They store a small number of recently used translations to make it faster the next time we want to access a memory address. It's just another form of cache, but not for program data. We have lots of these things inside our chip designed to make it go faster.

So how does virtual memory work? Well, my program wants to access a memory address. Different parts of the address it's using, the virtual address, will be used to index into these operating system managed page tables. As you can see there, there's four or five references.

So you can imagine it's very slow if I need to translate an address that I'm using, for example, to contain a variable, right? Something I'm using in my program, even the program code, right? That's all virtually addressed. Every time I do something, I have to perform a translation. This is very slow. This is why we have TLBs.

So after we've done this in the hardware, we store the result. So we don't have to keep doing this because it's very slow to perform what's called a table walk and do these translations. We also have something, by the way, called translation caches that store little bits of these tables to make it even faster to look those up.

These are also vulnerable to a nice attack. I don't have time to describe today, but you can Google it and you'll find something fun there. When you're running a hypervisor or a virtual machine, you may do this twice. So if you are running your machine in the cloud,

sorry, that's in the cloud man, right? I've got to put man on the end or dude or whatever, right? It's not even in the cloud anymore. It's all serverless, right? So we don't even use servers anymore. But let's say we did use servers, right? Then what would happen is the hypervisor would take the nice happy view of memory that my virtual machine has

and say that's great, but actually I'm going to translate what you think is physical memory one more time to what I think is physical memory and I'm right. And if I don't do this, then really bad things can happen. And we're going to come back to that as well. So virtual memory is a nice abstraction that we use because as programmers, we don't have to want to worry

about all the other programs running in the machine, what memory they're using and all of that stuff, right? So we built very complicated hardware that lets you have this nice notion that you're the only thing running on the machine and you have infinite memory. And if you use more memory than you physically have in your machine,

that's why we have this concept called swapping. We'll come back to that in a minute as well. I just hit my step goal for the day. That's great. That's the run, you see. We're going to skip this. OK, so caches. I told you to have coffee before we got here, right?

So caches store small amounts of memory, copies of it, right? I've got these RAM chips in my machine I've paid lots of money for and we all know RAM is getting more expensive by the week or the hour or maybe the second. You should probably run out and buy some more RAM right now. And what we do inside the chip is we store copies of recently accessed memory.

That's what caches are. Caches are organized. That's the term that describes how they're implemented. Typically, they work in terms of lines. So they will store 64 bytes at a time.

And which 64 bytes they store will depend on recently accessed memory. So when I access a virtual address in memory, part of that virtual address will be used to work out which line in my cache that should map to. And then the hardware will test, do I currently have that in my cache or not?

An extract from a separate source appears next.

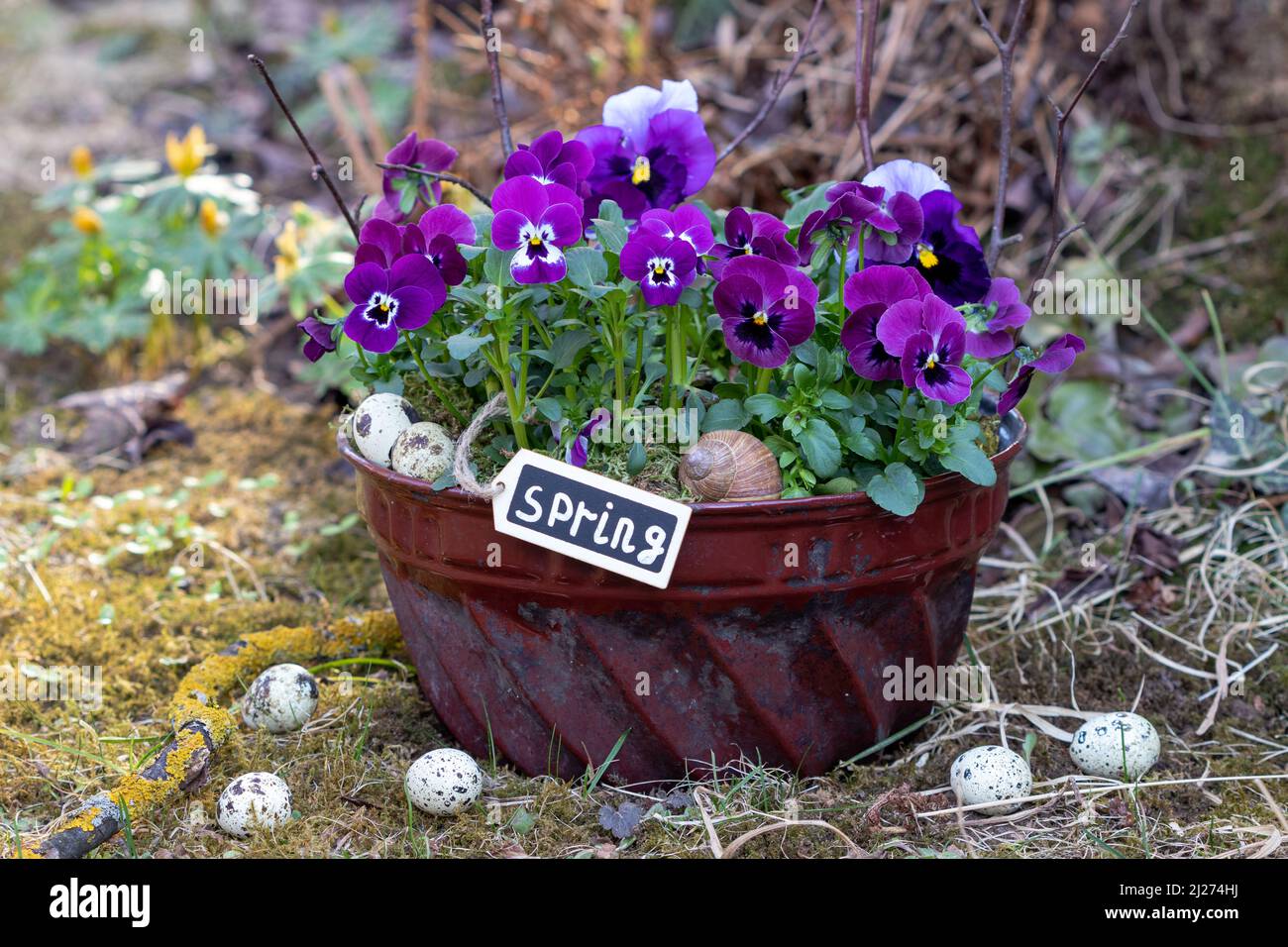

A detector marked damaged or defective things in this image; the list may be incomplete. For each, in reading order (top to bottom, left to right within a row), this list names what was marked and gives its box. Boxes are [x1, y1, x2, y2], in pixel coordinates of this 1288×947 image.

And depending on how fancy I am, maybe I have the ability to cache infinite things. I don't, right? So what I might have to do is periodically, if I try to access something and I work out where in my cache I should store it and I find that I've already got something there,

I might have to evict something or throw it out of the cache. But it's already in memory, so it's still fine. And next time I want to touch the other thing, I'm going to have to pull it back into the cache. Intel uses a common optimization of caches called virtually indexed physically tagged. We'll come back to that in a moment as well.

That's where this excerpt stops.